The accolades are made annually following an independent audit of park business and their policies for protecting wildlife and safeguarding the natural world.
Professor Bellamy said that the group, including its flagship Silverdale park, were worthy winners of the top honour thanks to their raft of "amazing and imaginative" achievements.
The parks also received two extra commendations in the 2018 awards for their successful efforts to protect honey bees, and their creation of many new, green wild flower habitats.
Michael Holgate, whose family business has been based in south Cumbria for over 60 years, said that it was members of his park team who deserved the biggest place in the spotlight:
"Everyone here knows that our policy is to give wildlife and nature the same VIP treatment as our guests, and are encouraged to come up with fresh ideas to make this happen," he said.
"Not only do they provide a lot of the inspiration, but are also keen to roll up their sleeves and get stuck into what's needed to put the ideas into action.
"This corner of Cumbria has a very special character, and we've always been careful to try and ensure that our parks are a match to the beautiful natural surroundings," added Michael.
Among the recent green initiatives praised by David Bellamy has been the planting of over eight miles of new hedgerows as a "wildlife corridor" to help sustain wildlife.
And earlier this year, the park completed a massive planting project of native species such as oak and yew which saw around half-a-million years of tree life take root.

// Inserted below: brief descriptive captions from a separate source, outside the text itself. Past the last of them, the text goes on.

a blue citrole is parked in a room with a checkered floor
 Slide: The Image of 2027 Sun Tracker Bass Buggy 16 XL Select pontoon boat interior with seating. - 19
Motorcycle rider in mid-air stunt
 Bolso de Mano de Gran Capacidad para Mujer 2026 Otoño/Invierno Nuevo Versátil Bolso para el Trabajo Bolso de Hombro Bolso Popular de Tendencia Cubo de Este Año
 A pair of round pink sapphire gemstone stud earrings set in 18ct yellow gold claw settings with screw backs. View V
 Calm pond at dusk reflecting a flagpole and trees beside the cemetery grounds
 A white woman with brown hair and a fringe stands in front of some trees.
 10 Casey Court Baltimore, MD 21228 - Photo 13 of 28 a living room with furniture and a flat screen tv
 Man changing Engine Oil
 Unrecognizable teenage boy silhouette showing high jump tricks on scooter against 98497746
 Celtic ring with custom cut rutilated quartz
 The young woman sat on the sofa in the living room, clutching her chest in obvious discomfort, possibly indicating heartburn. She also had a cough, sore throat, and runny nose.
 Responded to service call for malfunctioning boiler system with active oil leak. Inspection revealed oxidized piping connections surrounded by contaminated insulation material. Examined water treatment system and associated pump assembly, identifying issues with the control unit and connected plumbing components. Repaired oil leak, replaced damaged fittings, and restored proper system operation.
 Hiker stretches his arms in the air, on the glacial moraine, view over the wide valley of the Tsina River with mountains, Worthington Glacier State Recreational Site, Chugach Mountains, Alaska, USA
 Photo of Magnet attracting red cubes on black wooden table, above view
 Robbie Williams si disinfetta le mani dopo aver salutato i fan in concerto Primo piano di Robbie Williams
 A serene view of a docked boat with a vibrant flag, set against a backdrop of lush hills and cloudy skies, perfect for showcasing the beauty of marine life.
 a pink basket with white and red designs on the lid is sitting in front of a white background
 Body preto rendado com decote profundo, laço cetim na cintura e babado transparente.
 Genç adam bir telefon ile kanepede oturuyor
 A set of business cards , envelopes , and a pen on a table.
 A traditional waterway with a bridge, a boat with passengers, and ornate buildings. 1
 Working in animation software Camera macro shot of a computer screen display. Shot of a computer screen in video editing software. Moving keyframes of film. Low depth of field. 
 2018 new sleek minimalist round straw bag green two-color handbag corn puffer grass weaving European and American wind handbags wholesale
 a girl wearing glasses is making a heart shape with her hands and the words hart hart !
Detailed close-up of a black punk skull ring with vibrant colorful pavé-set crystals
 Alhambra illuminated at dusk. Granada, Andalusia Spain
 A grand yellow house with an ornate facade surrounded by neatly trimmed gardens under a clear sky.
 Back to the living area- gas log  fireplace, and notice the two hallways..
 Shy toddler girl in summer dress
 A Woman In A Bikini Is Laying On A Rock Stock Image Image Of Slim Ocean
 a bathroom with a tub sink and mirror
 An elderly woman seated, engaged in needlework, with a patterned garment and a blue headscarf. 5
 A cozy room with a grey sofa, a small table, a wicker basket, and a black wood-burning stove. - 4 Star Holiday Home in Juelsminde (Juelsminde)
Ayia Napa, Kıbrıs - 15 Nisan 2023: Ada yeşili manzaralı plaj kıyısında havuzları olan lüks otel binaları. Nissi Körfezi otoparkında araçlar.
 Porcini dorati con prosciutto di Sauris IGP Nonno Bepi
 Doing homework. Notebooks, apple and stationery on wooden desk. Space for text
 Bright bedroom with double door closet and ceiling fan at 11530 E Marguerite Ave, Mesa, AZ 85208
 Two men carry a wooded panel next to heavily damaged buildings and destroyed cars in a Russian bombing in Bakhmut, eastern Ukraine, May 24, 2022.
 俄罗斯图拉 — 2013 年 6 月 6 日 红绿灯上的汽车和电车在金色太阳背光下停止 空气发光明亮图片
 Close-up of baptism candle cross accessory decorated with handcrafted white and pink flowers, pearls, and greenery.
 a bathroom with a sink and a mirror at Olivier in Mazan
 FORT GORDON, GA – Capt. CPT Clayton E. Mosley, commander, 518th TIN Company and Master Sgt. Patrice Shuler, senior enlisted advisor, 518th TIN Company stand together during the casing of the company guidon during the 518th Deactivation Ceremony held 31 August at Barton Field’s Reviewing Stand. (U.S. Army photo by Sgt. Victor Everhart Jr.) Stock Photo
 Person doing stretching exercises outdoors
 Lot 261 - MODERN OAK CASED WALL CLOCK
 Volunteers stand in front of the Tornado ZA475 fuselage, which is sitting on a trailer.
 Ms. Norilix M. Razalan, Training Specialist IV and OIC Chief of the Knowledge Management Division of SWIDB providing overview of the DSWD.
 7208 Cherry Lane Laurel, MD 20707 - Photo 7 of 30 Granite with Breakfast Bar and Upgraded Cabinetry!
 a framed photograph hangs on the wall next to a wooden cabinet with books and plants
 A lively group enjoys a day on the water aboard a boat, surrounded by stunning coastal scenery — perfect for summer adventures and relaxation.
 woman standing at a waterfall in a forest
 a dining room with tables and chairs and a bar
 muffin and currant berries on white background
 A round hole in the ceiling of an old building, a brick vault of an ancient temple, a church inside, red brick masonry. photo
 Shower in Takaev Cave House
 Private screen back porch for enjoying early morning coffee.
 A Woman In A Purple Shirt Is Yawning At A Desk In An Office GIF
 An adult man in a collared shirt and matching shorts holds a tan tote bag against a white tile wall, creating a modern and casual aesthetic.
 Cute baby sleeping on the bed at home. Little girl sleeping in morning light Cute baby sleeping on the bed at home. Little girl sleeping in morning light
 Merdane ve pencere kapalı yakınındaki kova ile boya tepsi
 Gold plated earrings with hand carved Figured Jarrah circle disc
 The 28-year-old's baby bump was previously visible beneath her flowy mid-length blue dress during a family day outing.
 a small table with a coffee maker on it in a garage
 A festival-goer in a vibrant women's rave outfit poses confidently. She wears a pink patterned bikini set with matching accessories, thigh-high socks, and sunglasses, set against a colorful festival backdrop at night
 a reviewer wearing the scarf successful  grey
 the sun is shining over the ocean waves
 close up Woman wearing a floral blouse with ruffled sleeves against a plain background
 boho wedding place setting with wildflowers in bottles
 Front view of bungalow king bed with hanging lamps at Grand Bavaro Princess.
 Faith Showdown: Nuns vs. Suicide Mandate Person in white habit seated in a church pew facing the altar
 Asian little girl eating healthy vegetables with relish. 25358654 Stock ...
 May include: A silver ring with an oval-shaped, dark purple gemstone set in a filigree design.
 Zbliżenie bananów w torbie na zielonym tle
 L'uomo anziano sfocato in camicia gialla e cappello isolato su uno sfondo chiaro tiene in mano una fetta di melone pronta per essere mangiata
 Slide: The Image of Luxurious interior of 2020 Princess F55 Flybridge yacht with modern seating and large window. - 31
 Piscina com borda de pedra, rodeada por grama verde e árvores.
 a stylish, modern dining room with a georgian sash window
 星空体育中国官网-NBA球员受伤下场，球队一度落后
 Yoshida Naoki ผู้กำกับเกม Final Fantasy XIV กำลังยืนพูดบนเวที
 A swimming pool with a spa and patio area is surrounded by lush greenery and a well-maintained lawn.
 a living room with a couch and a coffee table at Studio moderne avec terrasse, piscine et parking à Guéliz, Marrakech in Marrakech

David Bellamy also highlighted the sowing of large areas of high nectar-bearing wild flowers which provide vital foraging for endangered honey bees, butterflies and other pollinators.
The parks work closely with a wide range of bodies such as the RSPB and red squirrel groups, and employ traditional countryside skills such as hedge laying, coppicing and dry stone walling.
Other measures include the harvesting of rainwater for irrigation, and the siting of many bat, owl and bird boxes – as well as "bug hotels" – around the grounds.
Professor Bellamy also praised the close links the parks enjoys with local schools and other community bodies, and the emphasis put on locally sourced food in its shops and restaurants.